Read Screens and Teens Online

Authors: Kathy Koch

Screens and Teens (2 page)

For some teens, screen use has contributed to an underdeveloped identity. They may be devoting so much time to gaming and staying connected with “friends” that they don't have time or desire to broaden their interests or learn new skills, which would grow and solidify their identity. Also, because technology makes many things easier, they may be lacking the perseverance, diligence, and teachability that are often essential for adding to their skill sets and character development. Posting on social networks can limit identity development because the tendency is for posts to acknowledge only certain aspects of their lives. That means friends and family can only provide comments or ask questions about those elements—the ones the teens choose to show. For example, they may post often about their musical interests and never mention that they volunteer at an animal shelter.
As time goes by and no friends acknowledge or support the teen's interest in animal rescue, the teen may begin to devalue that interest and let it wane.

When young people interact with many people on social media platforms, their identity can get confused. Many of the people whose posts they follow don't even know them personally. Those writers are just making general statements about their generation. Yet their words can be very influential.

Words—even words tossed off casually on a social media venue—can strongly affect our teens. If someone whose opinion your daughter values makes a disparaging comment about her writing, she may dismiss her writing ability as unimportant. If she likes a particular sports team but finds out very few other people do, she may decide her inclination was wrong. In a matter of minutes, she can transition from believing one thing about herself to another. This shift in identity negatively influences security because she appears to be inconsistent.

Your son may “like” a musical group one day, and being a fan becomes part of his identity. After he finds out someone he values doesn't like that group, he'll quickly “unlike” them. But what about his friends who were glad he liked that group? Now they're confused and may communicate that to your son. They might actually be disappointed or angry. Now your son will experience the stress associated with trying to keep everyone happy.

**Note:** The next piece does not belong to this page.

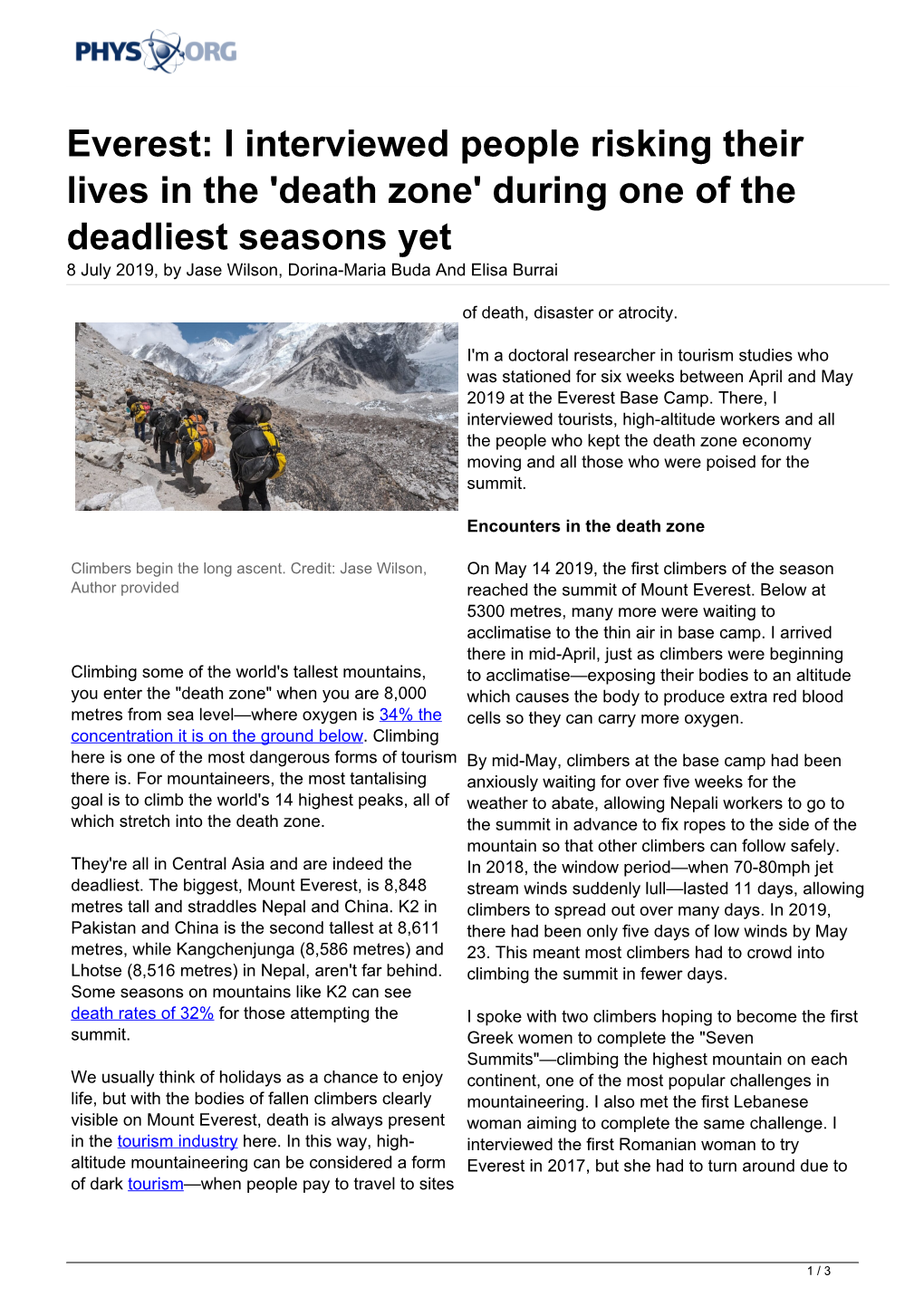 Death Zone' During One of the Deadliest Seasons Yet 8 July 2019, by Jase Wilson, Dorina-Maria Buda and Elisa Burrai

But is this really so different from when we were teens ourselves? After all, we listened to the opinions of our peers—or of
celebrities we read about or saw on television. The vast difference lies in quantity! Today's young people are coping with a deluge of widely divergent influences, while we had a much smaller circle of people influencing us, and they were probably more unified in their preferences. And the influence is nearly constant! Before there were cell phones, young people had time off from their peers—times when they were at home with just their families. Now teens are with their peers and with online influences 24/7 since they can access their social media and the Internet all day long.

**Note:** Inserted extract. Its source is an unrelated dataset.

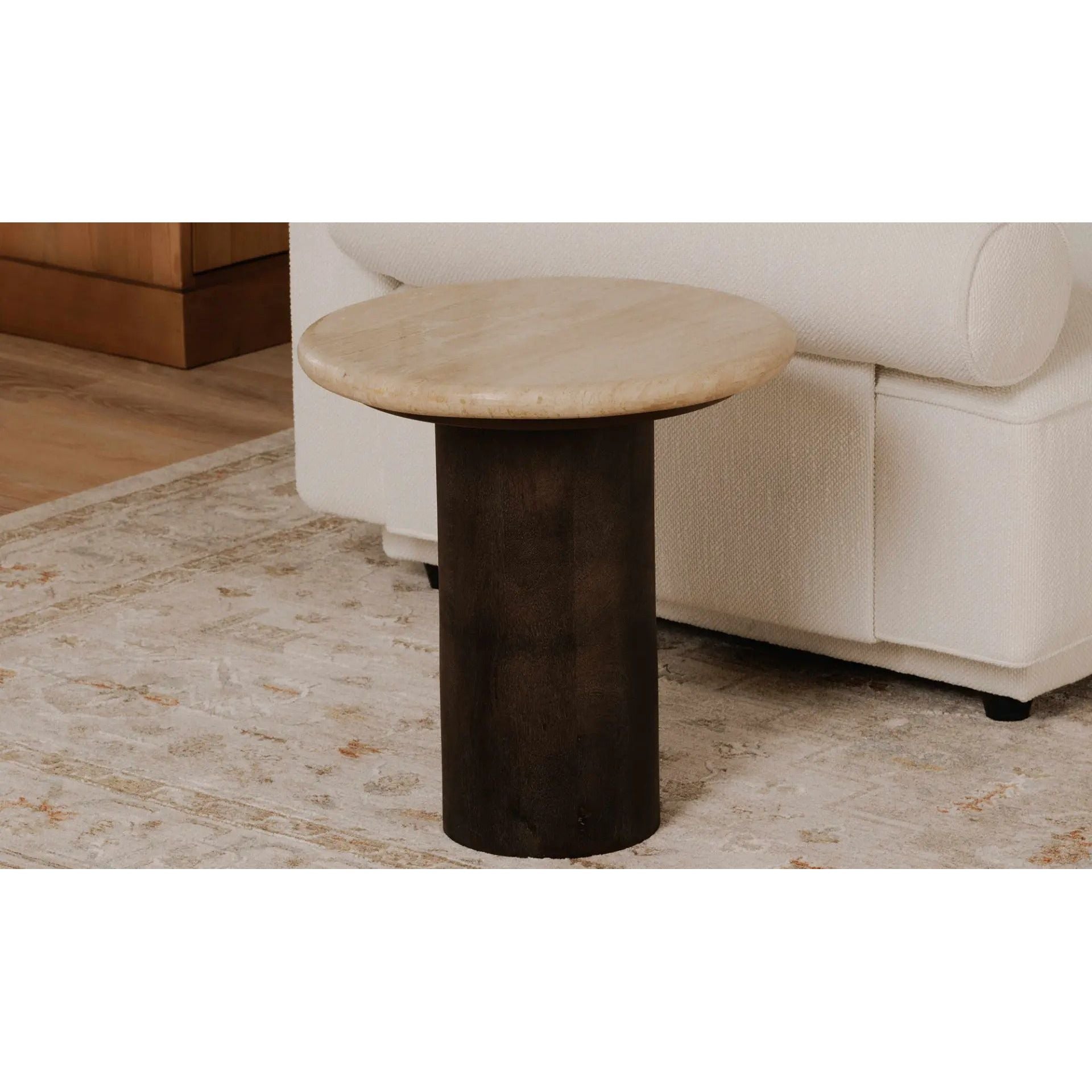 Moe's Home Collection Landon Beige Travertine Accent Table - Image 3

Because of this large array of influences in their daily experience, today's young people tend to be more conflicted about who they are and what they value. It's even harder for parents to know their kids well—and for teens to benefit from the opinions and wisdom of the parents who love them because they're listening to so many voices.

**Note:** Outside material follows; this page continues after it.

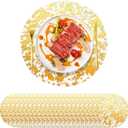 KesaPlan 100 PCS Disposable Gold Placemats Set, 13" Metallic Round Doilies for Tables, Gold Foil Mesh Pressed String Table Mats, Thin Mesh Decorative Doilies for Wedding, Holiday, Party, Christmas (Gold Foil-100pcs)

But before we overreact and unplug all of our screens, let's remember that technology can also enhance a teen's identity. Today's cameras allow young people to easily record and express what they enjoy and what they do. They can share through social media and gain interest and support from family and friends. Also, posts from others may inspire them to consider fresh ideas and undertake new projects or adventures. Teens can follow
through where their personal interests lead them because finding information through the Web is easy.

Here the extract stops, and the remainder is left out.